**DIRECTIONS:** Shown below are entries with pictures; the line with "I run the material" through the line with "Welcome back to" is the span to retype exactly, and the pictures stay out.

START PROVIDED INFORMATION

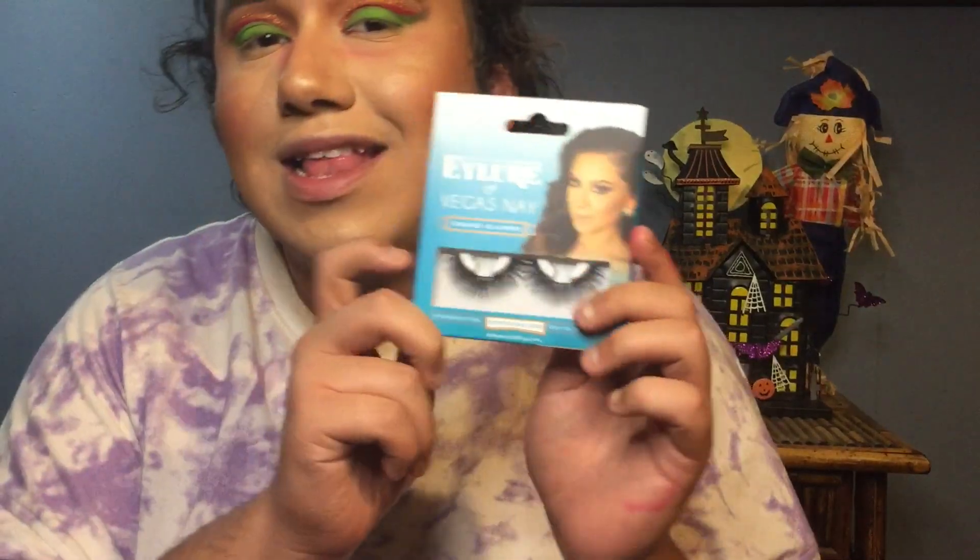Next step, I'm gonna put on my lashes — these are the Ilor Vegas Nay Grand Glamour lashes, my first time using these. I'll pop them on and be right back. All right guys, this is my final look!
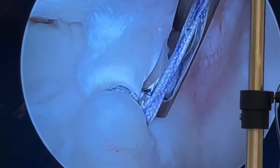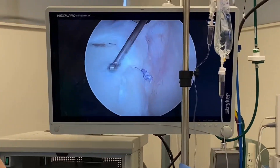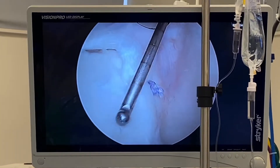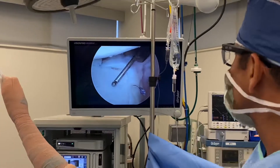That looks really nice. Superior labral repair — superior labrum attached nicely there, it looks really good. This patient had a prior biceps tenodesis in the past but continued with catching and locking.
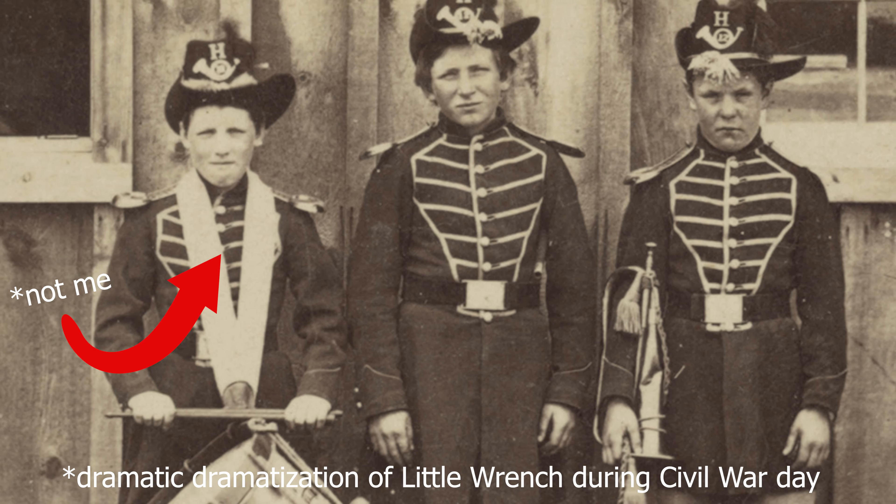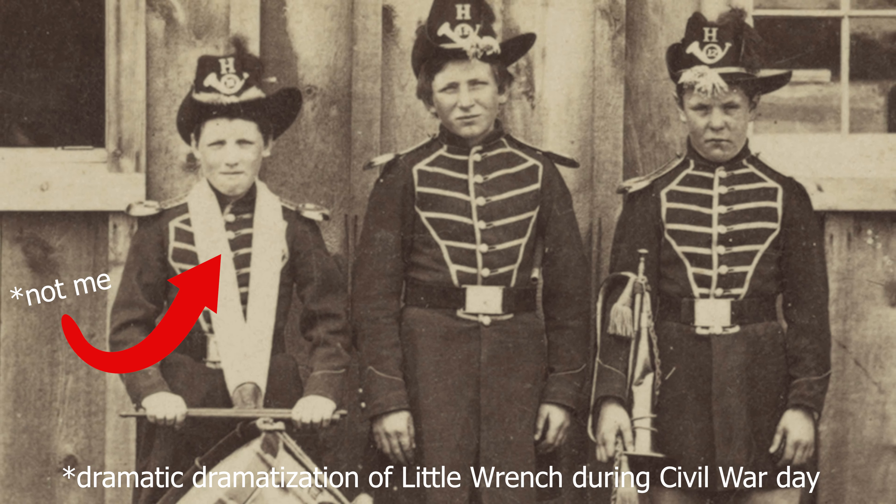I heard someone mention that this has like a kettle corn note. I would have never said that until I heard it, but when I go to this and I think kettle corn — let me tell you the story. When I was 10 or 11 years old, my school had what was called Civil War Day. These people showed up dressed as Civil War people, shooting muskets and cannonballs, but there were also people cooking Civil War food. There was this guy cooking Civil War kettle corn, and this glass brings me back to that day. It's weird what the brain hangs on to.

END PROVIDED INFORMATION
START PROVIDED INFORMATION

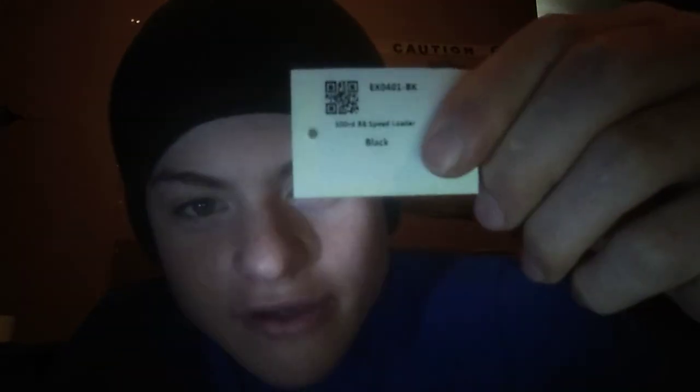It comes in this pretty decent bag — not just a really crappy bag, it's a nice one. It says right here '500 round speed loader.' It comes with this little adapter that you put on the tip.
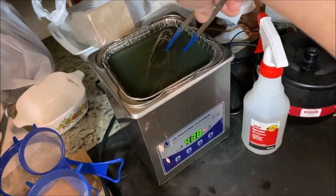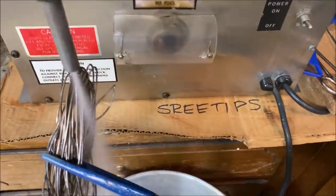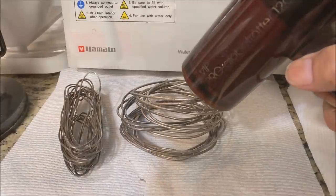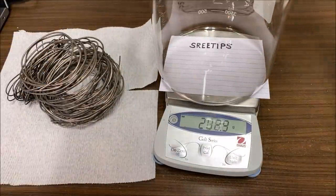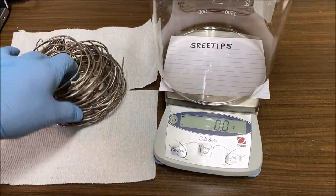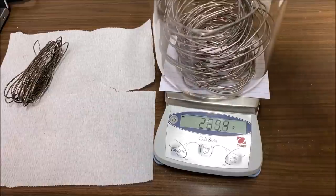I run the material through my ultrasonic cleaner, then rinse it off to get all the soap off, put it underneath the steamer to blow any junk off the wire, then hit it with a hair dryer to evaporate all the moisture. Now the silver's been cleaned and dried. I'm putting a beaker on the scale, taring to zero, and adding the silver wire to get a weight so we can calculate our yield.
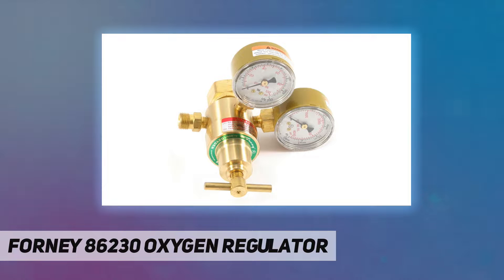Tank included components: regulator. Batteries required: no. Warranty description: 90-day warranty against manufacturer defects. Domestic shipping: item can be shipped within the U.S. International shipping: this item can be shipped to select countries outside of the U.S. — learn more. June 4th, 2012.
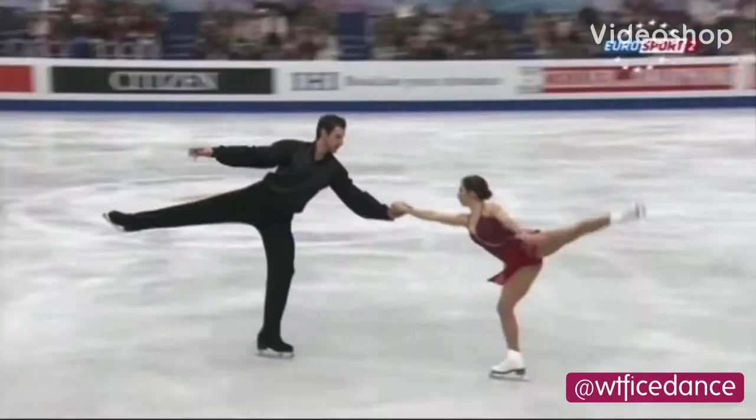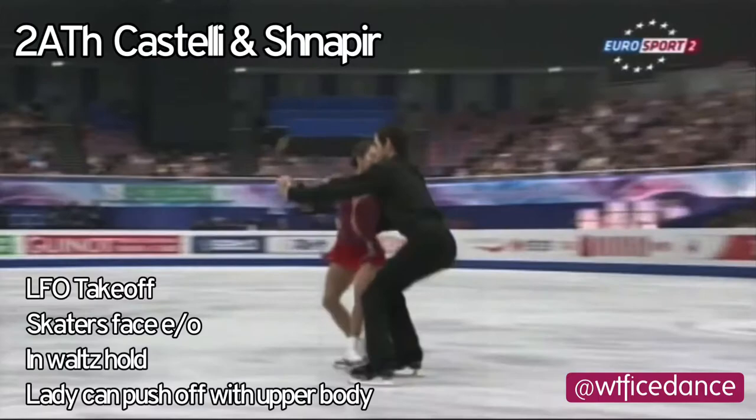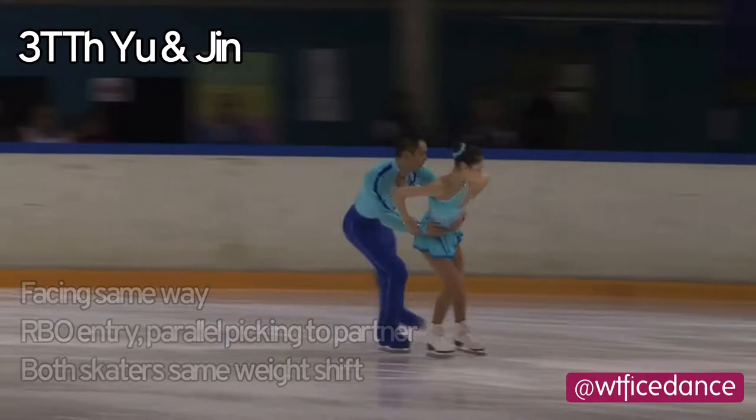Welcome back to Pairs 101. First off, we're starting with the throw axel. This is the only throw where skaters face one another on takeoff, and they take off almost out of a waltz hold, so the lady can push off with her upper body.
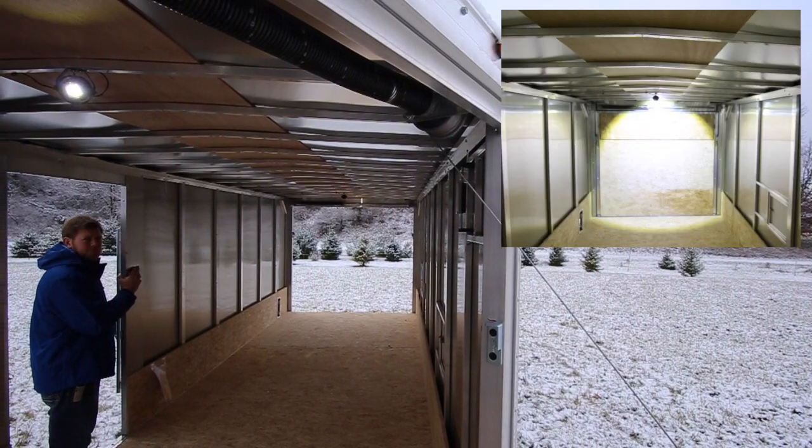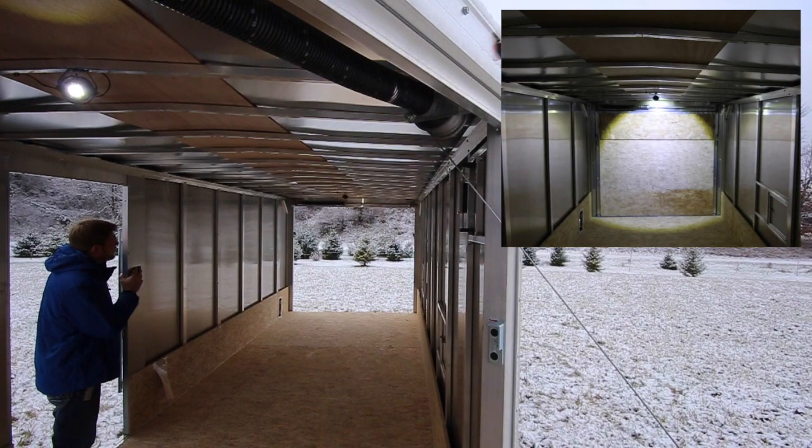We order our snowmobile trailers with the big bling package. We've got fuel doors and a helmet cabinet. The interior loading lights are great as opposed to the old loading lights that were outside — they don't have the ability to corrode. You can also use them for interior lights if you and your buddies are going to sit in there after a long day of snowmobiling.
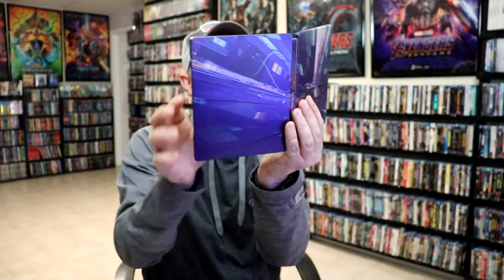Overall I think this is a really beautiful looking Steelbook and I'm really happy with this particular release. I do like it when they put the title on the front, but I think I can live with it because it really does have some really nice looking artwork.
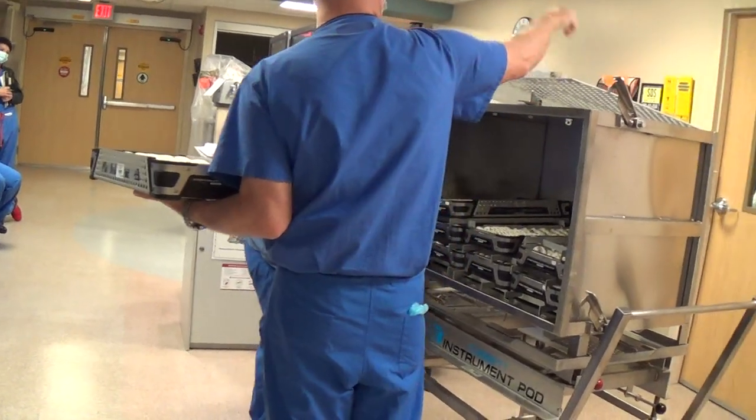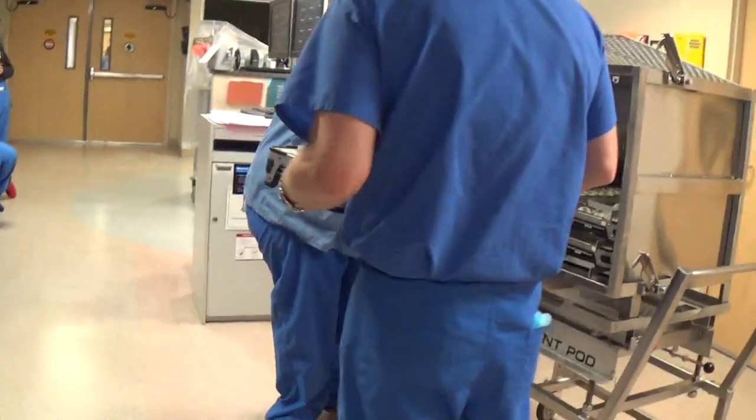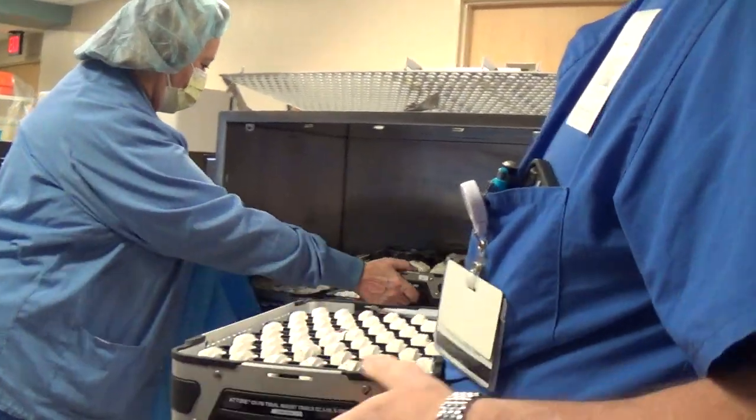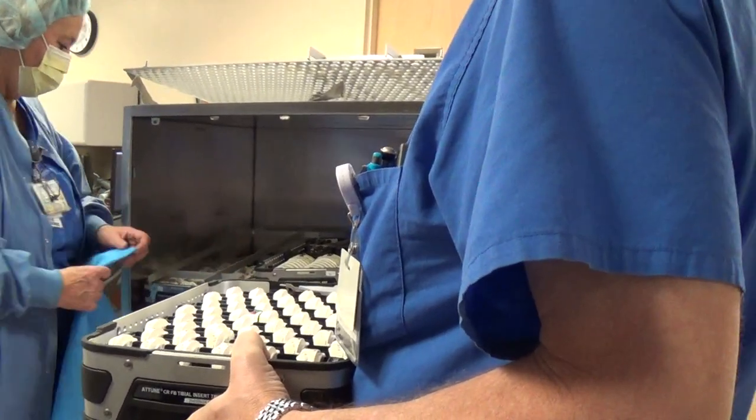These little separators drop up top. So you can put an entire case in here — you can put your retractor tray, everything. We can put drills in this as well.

END PROVIDED INFORMATION

**ANSWER BOX:**
I run the material through my ultrasonic cleaner, then rinse it off to get all the soap off, put it underneath the steamer to blow any junk off the wire, then hit it with a hair dryer to evaporate all the moisture. Now the silver's been cleaned and dried. I'm putting a beaker on the scale, taring to zero, and adding the silver wire to get a weight so we can calculate our yield.
Tank included components: regulator. Batteries required: no. Warranty description: 90-day warranty against manufacturer defects. Domestic shipping: item can be shipped within the U.S. International shipping: this item can be shipped to select countries outside of the U.S. — learn more. June 4th, 2012.
Welcome back to Pairs 101. First off, we're starting with the throw axel. This is the only throw where skaters face one another on takeoff, and they take off almost out of a waltz hold, so the lady can push off with her upper body.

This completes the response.